For years and years, pretty much the majority of my internet life, I've always been incredibly into music. When people have asked "what kind of music are you into?" I've never really been able to answer, other than, I'll listen to anything once. I have to admit to not particularly being into Rave, Heavy Metal, Rap etc but there are always exceptions to the rules. I try to take each song in its own right and see if I like it for itself, rather than its genre. On the whole though I like main stream pop, R&B, rock, and dance. Obviously again, within all of these there are songs that I don't like so much but if I was generalising, it would be these genres.

Several years ago, I got out of the habit of listening to music often. It was partly to do with the people I no longer spoke to, partly to do with the life I lead (less driving, so less radio - no mp3 player, children to listen out for etc), and probably partly to do with the person I married. As much as I can fall in love with a tune, the music of a song, to me its always the lyrics that have stood out. For as long as I can remember, the words to a song have meant more than the song itself - and whilst the person I married was into music, it was never about the lyrics to them. So slowly over the years, I've detached myself from music, listen to it less, loved it less and relied on it less.

Recently, over the last few months, my love of music has flooded back. Again, this is probably to do with my change in circumstances. I have bought an iPhone and loaded it up with all the tunes I had on my laptop, along with all the ones I'd previously downloaded and saved to back up disks. Every day I try to fill my life with as much music as possible, often choosing to have it on over the TV or just silence.

Music is something that no one should live without, a little like love I suppose. The emotions that a song can evoke, the highs and the lows - you only have to look at movies and listen to their soundtracks, to realise how important music is to the emotions and mood of them.

This morning, an advert came on and the music in the background was Alexandra Burke's - All Night Long. I've been meaning to download the song for a while, so I used Shazam on my phone to locate it quickly (I LOVE SHAZAM BTW) and download it to my iPhone. As soon as I had it downloaded, I put it on and the urge to go dancing was incredible. In fact, in the end I had to turn it off, because the thought of going out and going dancing, actually made me feel pretty sad - but that's a whole other story I guess.

There are many songs in my life, that remind me of different people, different events, times in my life that I sometimes forget until I hear the song in question. Some make me happy and some make me sad, but either way I appreciate the actual function of feeling something. Sometimes my playlist can actually taunt me - do you ever get that? You put on your tunes, usually on a random shuffle, and then somehow it always manages to be songs that are currently relevant to your current situation or state of mind.

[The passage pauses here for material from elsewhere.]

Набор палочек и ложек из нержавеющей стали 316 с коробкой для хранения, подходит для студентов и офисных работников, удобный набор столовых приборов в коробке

As you'll know, if you've read my previous entries, I'm currently going through a seperation from my husband of 5 years. Whilst the whole process is incredibly scary, underneath it all I feel liberated by it. For the first time in a long time, I feel like I'm remembering who I am again, I feel like I'm finding my feet again. Music was a huge part of my life before and slowly that seems to be coming back too.

I want to feel. I want to love. I want to be me. Even though sometimes those things will cause sadness, I want to just be grateful that I know who I am still and that I know what I want and need in life. Music is something I will never let go of again - along with the knowledge of WHO I AM.